**Supplied records**
<<<<
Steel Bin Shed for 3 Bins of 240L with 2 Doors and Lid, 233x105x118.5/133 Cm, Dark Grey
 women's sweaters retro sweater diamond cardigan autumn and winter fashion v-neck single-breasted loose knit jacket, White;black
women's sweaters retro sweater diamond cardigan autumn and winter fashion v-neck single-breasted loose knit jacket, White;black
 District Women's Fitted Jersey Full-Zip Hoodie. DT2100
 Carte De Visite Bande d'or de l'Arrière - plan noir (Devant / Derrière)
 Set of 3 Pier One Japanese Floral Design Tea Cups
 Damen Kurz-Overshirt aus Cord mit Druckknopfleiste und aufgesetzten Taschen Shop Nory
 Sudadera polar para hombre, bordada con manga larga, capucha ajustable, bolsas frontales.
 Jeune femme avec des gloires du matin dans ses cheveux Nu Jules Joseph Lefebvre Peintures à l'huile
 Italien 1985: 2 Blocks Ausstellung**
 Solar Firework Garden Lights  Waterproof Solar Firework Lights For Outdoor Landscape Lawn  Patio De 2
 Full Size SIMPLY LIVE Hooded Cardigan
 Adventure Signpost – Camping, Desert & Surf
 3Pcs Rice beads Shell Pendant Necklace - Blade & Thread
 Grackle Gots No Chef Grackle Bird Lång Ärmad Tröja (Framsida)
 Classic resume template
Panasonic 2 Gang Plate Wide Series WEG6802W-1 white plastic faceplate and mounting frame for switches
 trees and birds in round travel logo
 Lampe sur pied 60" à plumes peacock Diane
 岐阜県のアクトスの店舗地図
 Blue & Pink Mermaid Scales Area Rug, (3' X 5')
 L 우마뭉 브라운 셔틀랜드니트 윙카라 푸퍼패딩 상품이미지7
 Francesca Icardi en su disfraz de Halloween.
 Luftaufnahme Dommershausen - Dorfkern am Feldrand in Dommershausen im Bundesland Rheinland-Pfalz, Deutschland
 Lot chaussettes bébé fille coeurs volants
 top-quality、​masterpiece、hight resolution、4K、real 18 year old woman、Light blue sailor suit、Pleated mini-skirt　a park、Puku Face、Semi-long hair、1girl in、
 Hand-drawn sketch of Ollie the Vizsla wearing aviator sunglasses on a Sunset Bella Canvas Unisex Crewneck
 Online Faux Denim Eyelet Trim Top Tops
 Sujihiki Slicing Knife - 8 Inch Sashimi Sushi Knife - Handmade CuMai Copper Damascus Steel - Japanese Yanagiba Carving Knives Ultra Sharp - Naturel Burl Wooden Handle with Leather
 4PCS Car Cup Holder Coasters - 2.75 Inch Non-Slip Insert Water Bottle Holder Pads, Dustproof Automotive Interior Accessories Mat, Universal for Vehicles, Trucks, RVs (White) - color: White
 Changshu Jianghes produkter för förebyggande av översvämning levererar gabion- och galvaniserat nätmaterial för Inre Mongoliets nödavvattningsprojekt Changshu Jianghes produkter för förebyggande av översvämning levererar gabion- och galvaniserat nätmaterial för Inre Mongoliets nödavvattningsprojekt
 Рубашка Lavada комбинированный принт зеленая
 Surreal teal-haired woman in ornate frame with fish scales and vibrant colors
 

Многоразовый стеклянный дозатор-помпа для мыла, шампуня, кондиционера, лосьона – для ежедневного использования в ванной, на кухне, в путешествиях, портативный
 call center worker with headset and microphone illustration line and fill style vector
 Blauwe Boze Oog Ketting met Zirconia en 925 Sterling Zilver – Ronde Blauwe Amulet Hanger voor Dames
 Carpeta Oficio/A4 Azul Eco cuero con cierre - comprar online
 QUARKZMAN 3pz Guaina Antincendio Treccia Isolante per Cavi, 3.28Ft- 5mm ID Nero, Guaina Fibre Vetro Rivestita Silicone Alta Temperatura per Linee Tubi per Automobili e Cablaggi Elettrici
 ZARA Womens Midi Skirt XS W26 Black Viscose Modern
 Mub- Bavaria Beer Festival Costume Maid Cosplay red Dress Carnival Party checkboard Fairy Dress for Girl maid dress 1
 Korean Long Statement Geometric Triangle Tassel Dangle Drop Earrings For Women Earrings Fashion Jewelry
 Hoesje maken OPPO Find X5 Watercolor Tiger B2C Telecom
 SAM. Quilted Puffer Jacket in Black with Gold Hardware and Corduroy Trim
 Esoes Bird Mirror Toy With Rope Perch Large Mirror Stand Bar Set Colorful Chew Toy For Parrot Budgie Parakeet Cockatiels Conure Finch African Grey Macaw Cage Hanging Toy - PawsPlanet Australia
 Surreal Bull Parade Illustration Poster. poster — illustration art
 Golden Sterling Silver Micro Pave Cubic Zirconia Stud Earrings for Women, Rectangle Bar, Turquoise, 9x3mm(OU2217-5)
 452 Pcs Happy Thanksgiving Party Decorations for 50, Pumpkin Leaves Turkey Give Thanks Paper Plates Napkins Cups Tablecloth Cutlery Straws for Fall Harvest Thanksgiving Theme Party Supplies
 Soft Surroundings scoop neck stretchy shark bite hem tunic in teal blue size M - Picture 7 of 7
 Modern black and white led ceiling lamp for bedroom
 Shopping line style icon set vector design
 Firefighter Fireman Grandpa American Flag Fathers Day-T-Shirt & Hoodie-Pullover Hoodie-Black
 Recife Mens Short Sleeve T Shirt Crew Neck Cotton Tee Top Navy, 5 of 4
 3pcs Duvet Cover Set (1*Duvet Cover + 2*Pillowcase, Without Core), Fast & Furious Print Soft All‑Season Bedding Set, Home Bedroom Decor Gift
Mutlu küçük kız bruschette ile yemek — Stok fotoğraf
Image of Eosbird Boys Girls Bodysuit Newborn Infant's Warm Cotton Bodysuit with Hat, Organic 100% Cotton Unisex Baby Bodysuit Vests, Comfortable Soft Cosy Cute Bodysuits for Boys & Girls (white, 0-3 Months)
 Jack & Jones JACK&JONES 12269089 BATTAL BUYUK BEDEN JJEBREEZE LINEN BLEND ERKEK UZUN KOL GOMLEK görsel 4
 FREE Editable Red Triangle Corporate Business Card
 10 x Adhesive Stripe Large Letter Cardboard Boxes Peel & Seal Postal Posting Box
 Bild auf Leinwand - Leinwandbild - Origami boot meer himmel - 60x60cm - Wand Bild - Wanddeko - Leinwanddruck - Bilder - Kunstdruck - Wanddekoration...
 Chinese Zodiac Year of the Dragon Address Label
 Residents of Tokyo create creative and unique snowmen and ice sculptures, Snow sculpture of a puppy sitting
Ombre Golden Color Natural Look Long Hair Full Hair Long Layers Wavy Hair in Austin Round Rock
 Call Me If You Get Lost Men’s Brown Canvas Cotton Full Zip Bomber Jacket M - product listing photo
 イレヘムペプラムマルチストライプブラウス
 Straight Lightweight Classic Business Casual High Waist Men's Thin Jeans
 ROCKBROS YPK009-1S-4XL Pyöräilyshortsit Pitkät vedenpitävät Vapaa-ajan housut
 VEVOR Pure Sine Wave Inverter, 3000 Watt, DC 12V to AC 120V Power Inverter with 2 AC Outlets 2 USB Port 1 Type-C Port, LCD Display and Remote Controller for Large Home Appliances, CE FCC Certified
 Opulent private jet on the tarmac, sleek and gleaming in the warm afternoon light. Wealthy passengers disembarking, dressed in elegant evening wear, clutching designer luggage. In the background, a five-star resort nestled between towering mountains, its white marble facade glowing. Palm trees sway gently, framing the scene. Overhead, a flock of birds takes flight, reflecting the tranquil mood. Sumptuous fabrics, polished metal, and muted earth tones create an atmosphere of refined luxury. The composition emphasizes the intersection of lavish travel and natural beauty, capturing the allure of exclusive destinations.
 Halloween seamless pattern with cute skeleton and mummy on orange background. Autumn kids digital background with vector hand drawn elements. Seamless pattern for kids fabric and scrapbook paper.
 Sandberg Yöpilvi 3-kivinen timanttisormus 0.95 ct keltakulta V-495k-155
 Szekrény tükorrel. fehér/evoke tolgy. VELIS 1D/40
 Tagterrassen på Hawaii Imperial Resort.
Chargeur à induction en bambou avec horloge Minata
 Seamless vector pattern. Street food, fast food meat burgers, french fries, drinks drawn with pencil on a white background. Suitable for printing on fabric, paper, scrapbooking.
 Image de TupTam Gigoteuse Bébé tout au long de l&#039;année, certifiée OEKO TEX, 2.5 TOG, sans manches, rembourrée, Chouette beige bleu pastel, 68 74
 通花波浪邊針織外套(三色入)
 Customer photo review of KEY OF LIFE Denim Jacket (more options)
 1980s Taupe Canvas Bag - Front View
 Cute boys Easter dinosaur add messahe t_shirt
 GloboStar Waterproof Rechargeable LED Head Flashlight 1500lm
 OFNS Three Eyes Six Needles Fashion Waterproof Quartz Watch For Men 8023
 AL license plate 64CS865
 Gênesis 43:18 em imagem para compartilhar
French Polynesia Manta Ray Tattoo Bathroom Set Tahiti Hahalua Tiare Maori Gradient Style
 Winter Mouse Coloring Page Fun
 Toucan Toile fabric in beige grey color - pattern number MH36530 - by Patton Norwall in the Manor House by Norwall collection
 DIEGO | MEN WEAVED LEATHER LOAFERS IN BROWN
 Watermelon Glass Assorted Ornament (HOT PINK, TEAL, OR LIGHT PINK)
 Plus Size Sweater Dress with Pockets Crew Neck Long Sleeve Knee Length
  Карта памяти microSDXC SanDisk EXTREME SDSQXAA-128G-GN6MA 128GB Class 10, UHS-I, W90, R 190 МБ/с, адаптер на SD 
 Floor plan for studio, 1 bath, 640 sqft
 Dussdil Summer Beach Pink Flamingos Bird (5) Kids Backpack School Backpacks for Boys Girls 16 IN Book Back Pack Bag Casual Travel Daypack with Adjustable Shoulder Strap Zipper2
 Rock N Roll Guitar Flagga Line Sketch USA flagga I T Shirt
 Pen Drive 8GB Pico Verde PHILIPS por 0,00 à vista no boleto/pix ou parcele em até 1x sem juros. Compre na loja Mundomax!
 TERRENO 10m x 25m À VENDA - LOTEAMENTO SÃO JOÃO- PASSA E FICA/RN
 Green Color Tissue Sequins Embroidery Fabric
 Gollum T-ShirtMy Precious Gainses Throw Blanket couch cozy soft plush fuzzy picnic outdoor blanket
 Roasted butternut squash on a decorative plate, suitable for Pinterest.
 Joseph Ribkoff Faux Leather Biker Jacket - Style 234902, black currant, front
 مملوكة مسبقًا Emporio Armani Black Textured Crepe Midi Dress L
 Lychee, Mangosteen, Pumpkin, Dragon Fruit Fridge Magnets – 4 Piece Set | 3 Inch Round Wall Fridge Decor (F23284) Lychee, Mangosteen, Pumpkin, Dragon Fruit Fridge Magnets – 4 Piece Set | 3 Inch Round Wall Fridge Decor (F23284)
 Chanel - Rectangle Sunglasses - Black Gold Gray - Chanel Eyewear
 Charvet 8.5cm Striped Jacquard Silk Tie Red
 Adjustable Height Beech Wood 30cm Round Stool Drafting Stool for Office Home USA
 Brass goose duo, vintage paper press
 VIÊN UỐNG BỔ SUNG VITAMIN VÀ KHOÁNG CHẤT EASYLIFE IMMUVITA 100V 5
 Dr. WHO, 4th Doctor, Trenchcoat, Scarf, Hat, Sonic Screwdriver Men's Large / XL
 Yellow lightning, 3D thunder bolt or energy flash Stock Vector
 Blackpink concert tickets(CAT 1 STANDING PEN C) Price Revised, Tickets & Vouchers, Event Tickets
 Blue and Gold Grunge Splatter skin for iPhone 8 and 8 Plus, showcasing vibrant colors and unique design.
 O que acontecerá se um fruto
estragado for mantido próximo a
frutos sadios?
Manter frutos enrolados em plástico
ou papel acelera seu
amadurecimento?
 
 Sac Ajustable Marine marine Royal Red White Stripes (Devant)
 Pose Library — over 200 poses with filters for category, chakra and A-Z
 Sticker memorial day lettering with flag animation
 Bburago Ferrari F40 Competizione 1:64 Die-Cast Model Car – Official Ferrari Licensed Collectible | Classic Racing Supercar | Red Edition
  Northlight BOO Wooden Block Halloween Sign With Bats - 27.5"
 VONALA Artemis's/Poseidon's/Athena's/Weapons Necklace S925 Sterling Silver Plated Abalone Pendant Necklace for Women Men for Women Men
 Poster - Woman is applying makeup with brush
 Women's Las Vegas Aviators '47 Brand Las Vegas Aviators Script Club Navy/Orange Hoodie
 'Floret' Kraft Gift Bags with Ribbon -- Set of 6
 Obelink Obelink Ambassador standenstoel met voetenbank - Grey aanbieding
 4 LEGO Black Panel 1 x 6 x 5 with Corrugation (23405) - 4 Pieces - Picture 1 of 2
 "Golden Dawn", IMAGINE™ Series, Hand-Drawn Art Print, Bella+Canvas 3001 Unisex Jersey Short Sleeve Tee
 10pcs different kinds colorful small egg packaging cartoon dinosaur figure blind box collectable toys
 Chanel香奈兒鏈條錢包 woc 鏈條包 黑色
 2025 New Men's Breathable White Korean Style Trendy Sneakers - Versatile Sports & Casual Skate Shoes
>>>>
**Your objective**
In the data above, find the line that contains "Sudadera polar para", then reproduce exactly every line from the first line through that line.

**Answer area**
Steel Bin Shed for 3 Bins of 240L with 2 Doors and Lid, 233x105x118.5/133 Cm, Dark Grey
 women's sweaters retro sweater diamond cardigan autumn and winter fashion v-neck single-breasted loose knit jacket, White;black
women's sweaters retro sweater diamond cardigan autumn and winter fashion v-neck single-breasted loose knit jacket, White;black
 District Women's Fitted Jersey Full-Zip Hoodie. DT2100
 Carte De Visite Bande d'or de l'Arrière - plan noir (Devant / Derrière)
 Set of 3 Pier One Japanese Floral Design Tea Cups
 Damen Kurz-Overshirt aus Cord mit Druckknopfleiste und aufgesetzten Taschen Shop Nory
 Sudadera polar para hombre, bordada con manga larga, capucha ajustable, bolsas frontales.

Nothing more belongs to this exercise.